The problems occurred when I tried to speed match it to the other locos. Is there any info on these decoders out there. I haven't looked in this forum yet but I don't need to now. You see I got upset when I tried to change the start up voltage CV2 and the loco stopped working, then i reset it the only way I know how, CV8 to 8 and things just didn't work out I can't remember exactly all what happened. So I did something rash and yanked out the board, and wired in a digitrax decoder DH123. Presto, it now works great, even runs a little better IMHO.

Next when I was running it in a consist I didn't like the way it kept uncoupling with the loco in front and the car behind so I modified the openings for the couplers and installed Kadee couplers in place of the original ones. I really don't think the couplers were all that bad it was just the way they were mounted to the body. The couplers seemed to flex up and down a lot and now with the Kadee's they don't. Sorry but I don't know what # coupler they were. I can post a pick if anyone would like.

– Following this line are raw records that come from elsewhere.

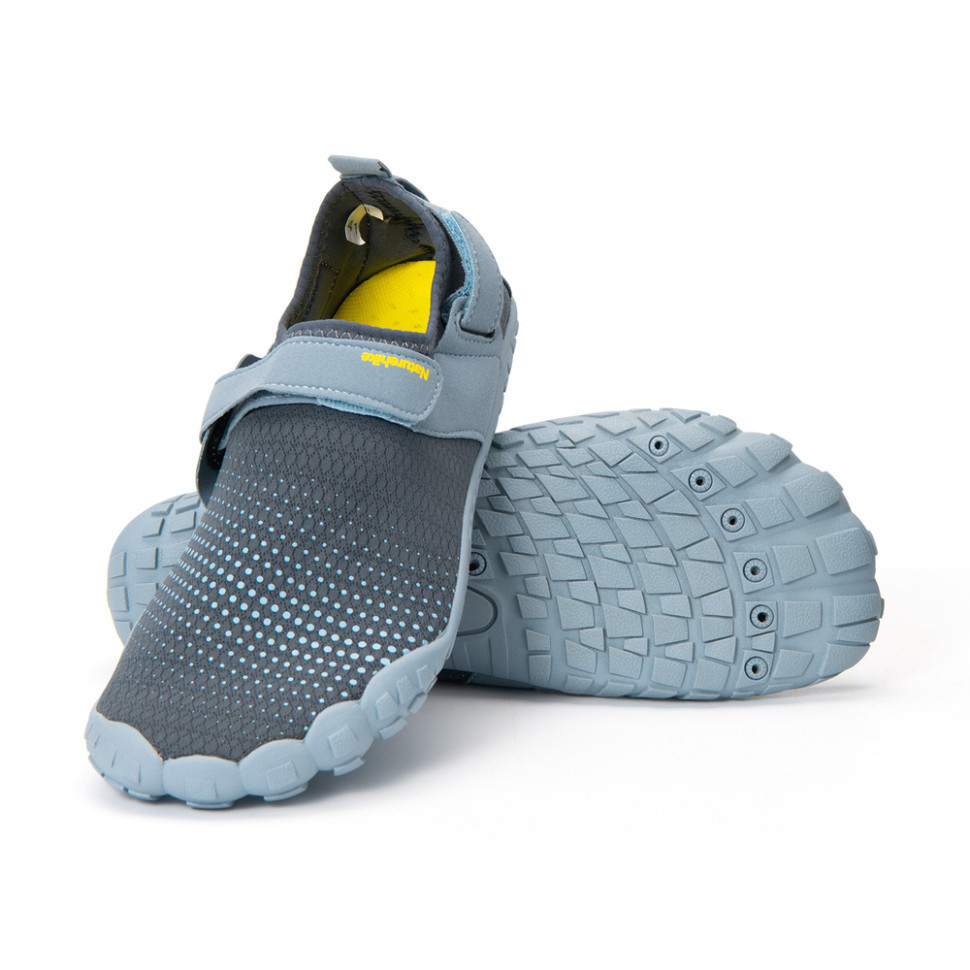 Силиконовые антискользящие ботинки аквашузы Naturehike NH20FS022, размер 42, голубые Киев - изображение 1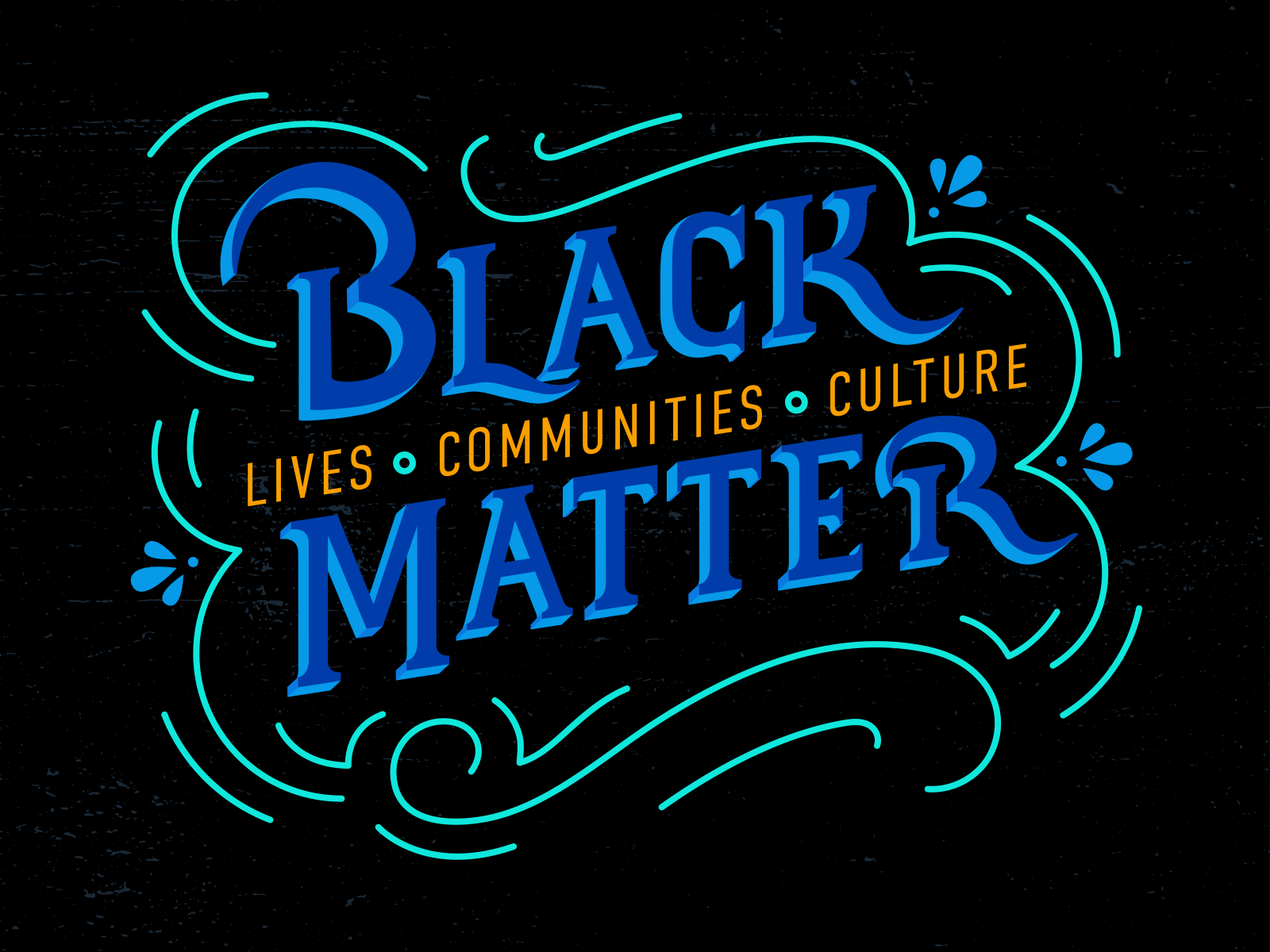 Black Lives Matter by Sarah Ficarro on Dribbble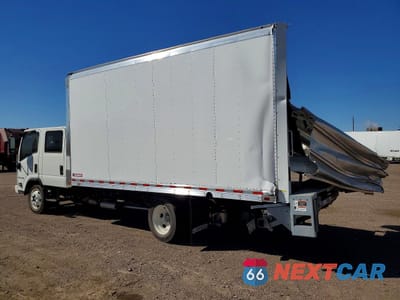 Drugie zdjęcie samochodu z przodu: 2026 ISUZU NPR HD VIN:54DC4J1D8TS200671 - miniatura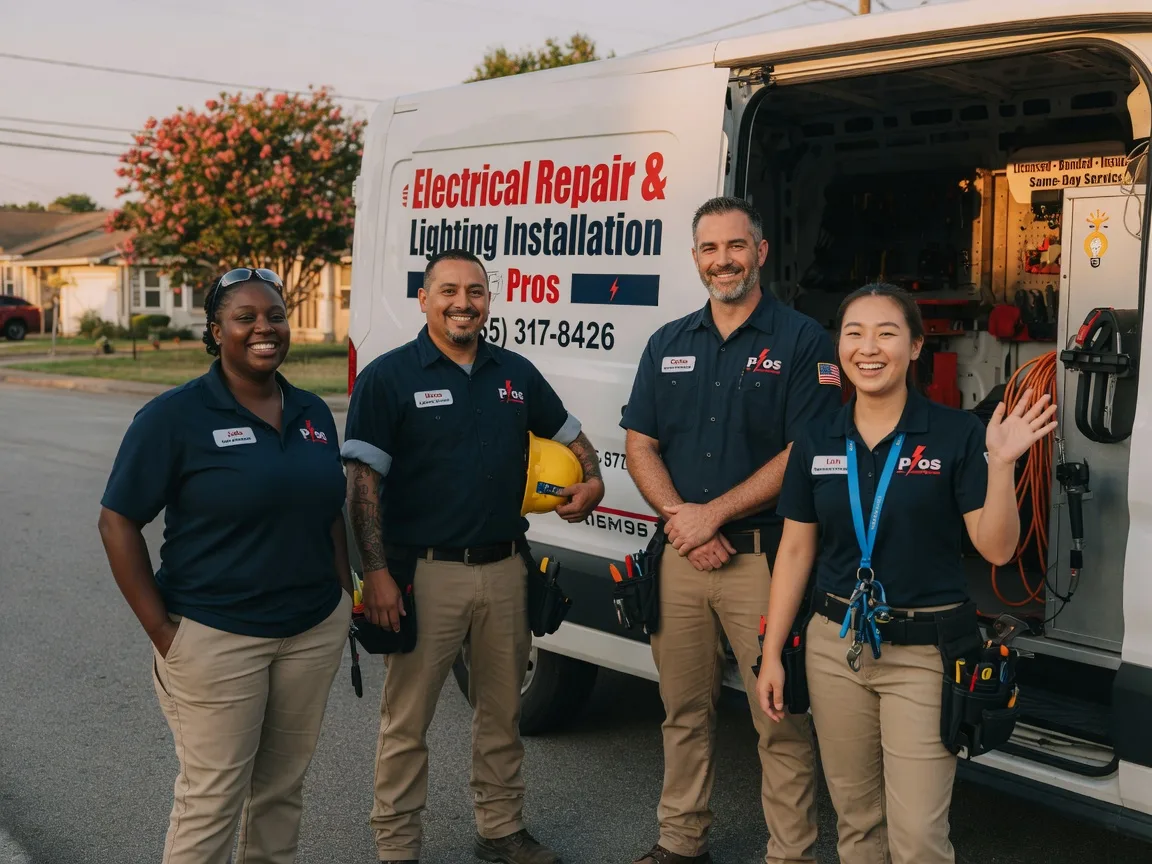 Licensed Electrician company in Melfa, VA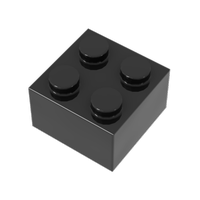 Suitable for LEGO 3003 building blocks, 2x2 basic bricks, small particle high bricks, creative MOC building parts, assembly and disassembly thumbnail 2
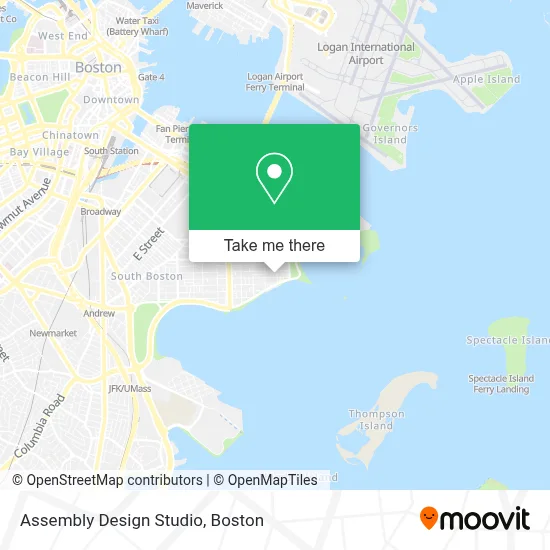 Assembly Design Studio map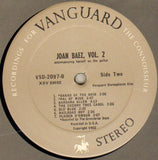 Joan Baez : Joan Baez Vol. 2 (LP, Album)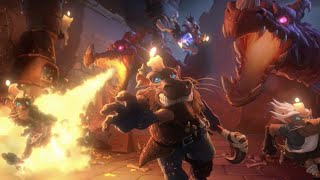 Hearthstone Kobolds and Catacombs Cinematic  BlizzCon 2017 [upl. by Bisset]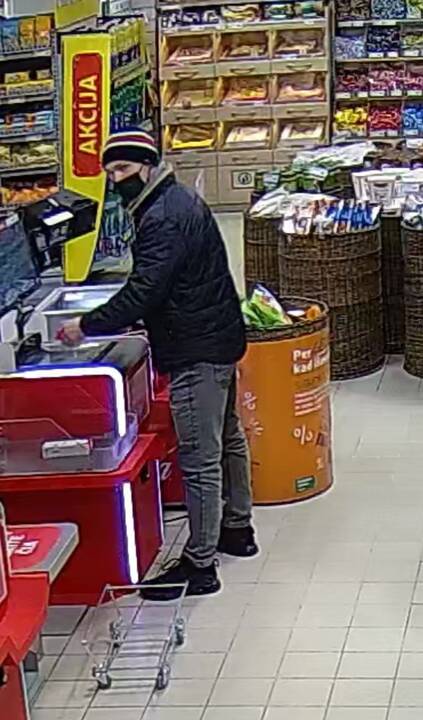 Ieškomas vyras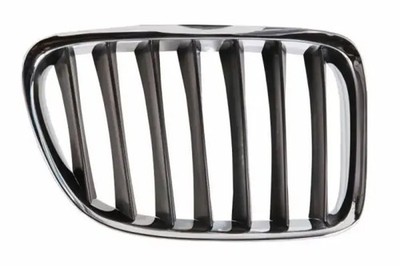 Kühlergrill-Blindkühler rechts chrom/schwarz 6502-07-0092992P BLIC für BMW X1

Now the loco runs good and pulls good. Looking forward to some successful consists.

Just my long winded two cents.
B


----------



## mr_x_ite_ment (Jun 22, 2009)

Hey B...I have that same loco, and I thought it ran pretty well out of the box too. I haven't put it in a consist yet. That was a good idea to try a different decoder in there. If my decoder fails, I might also try the DH123, especially since you are pretty happy with it! Thanks for the info!

Chad


----------



## Komodo (Jun 28, 2010)

thats a nice locomotive, for me bachmann is fine. ( i know people are going to be like wtf are you talking about, well i will explain) I'm only on a 4x7 layout with no dcc and my b23-7 conrail engine ( made by bachmann) is only going to pull around 7 to 9 cars max.


----------



## dozer (Jan 2, 2010)

Komodo said:


> thats a nice locomotive, for me bachmann is fine. ( i know people are going to be like wtf are you talking about, well i will explain) I'm only on a 4x7 layout with no dcc and my b23-7 conrail engine ( made by bachmann) is only going to pull around 7 to 9 cars max.


 I actually bought two bachmann dcc diesels recently and am quite surprised how well they really do run. On both of them I had to let them run at near full speed for about 20 minutes before they started quieting down and smoothing out. I disassembled the trucks and regreased them. Now they're quiet, and they really do pull good. I did the mod to the factory decoder before even running them and so maybe that's why they work out so good.


----------



## tankist (Jun 11, 2009)

bachmans are good, quiet runners. heck, even non spectrum model i used to have, ran very well (later AWD one.), the detail is just a ted behind but worth the money.
what they don't do well is decoders (I forgot who they subcontracted that). i seen 2 so far, both would randomly forget settings and addresses. as soon as i plugged DH123 all was good. IMHO one will need to factor in cost of replacement decoder.


----------



## Komodo (Jun 28, 2010)

tankist said:


> bachmans are good, quiet runners. heck, even non spectrum model i used to have, ran very well (later AWD one.), the detail is just a ted behind but worth the money.
> _*what they don't do well is decoders*_ (I forgot who they subcontracted that). i seen 2 so far, both would randomly forget settings and addresses. as soon as i plugged DH123 all was good. IMHO one will need to factor in cost of replacement decoder.


and turnouts, i bought a turnout at a hobby store that was broken right out of the box!


----------



## Bman (Aug 24, 2010)

I agree 100% with the decoders in Bachmann DCC locos being sub par. As for the locos themselves, I have a 4% incline and I think it slows down on the incline a little more than the other engines I have...but it was also much less expensive. I will have to try a nice long run in period with mine, not that is runs horrible but it might help it out.


----------